Back in Baiyin I lay down for a nap.
Jane, the Foreign Administrator not Jane Li the Primary school teacher, had said that she wanted to take me, Mike and Erika out for a meal. I could happily not have eaten anything else but she insisted and I guessed that it would be a noodle bar or a dumpling restaurant where I could just pick at it politely. She had said she would call for us at six. So I lay down for a nap intending to take a quick shower at five thirty and get changed.
The apartment bell rang at five twenty-five. I was still in bed. No time for a shower, just time for a splash of cold water in the face and the clothes from the wedding thrown back on and then out.
In the taxi Jane Li met us, a surprise as I'd been expecting the other one. She directed the taxi driver and we appeared at first to be heading into one of the mazes of streets that are threaded between the residential tower blocks. It didn't look as if there would be a restaurant there but then we turned a corner and in front of us was a very impressive hotel. A broad sweep of steps, wide enough to have a multi-tier fountain in the centre led up to a large entrance. The hotel looked modern and expensive. The inside lived up to the outside's promise. A wide wood panelled reception was sparsely but very tasteful decorated with oriental pottery and silk screens. We were led into a private dining room where a table was set for ten.
It was, I realised, another banquet.
Soon the others arrived. In addition to the three of us and the two Janes, there were five of the senior teachers from our school, only one of whom I knew.

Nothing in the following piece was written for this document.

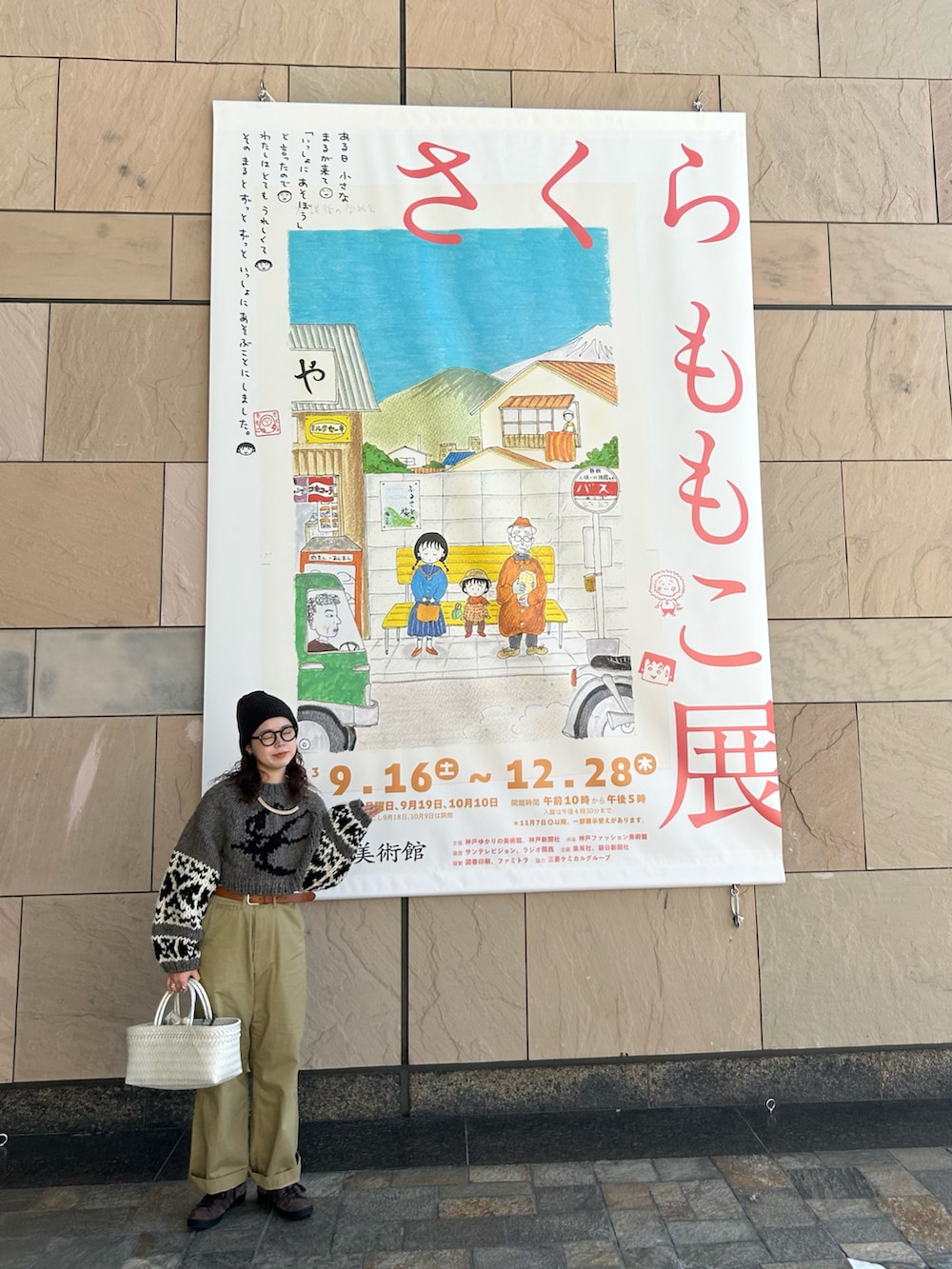 グレー系のニット/セーター、ブラウン系のスニーカー、ホワイト系のかごバッグを着用したレディースの秋コーディネートの2枚目の写真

The meal progressed but by now I was struggling to eat. It was all the highest quality. The fish was absolutely delicious, the mutton fell off the bone at the merest touch of a chopstick, the vegetables were steamed to perfection, the duck was crispy and wonderful.
And my ability with chopsticks had finally deserted me completely. It comes and goes at the best of times but this time I couldn't manage them at all. I was suffering from chopstick-fatigue after three days of constant eating I seemed to have lost the use of my fingers. Reluctantly, I asked for a fork.
The meal went on and the company was great. When the food was finished the drinking started with bottles of wine and baijo and crates of beer arriving in great quantity. It was a relaxed evening – perhaps too relaxed as I heard Erika explaining the relative severity of American swearwords to the fascinated teachers. The called me over as the British expert to explain "bollocks".
We discussed all sorts of more normal things too – the Chinese and British education systems, how China has changed over the twenty years that I have been visiting (not everyone there considered the changes to be progress), the death of Kim Jong Il and how it might affect China or the West, Chinese and western literary traditions, different forms of poetry.
It was after eleven when we finally left and took taxis back to out apartment.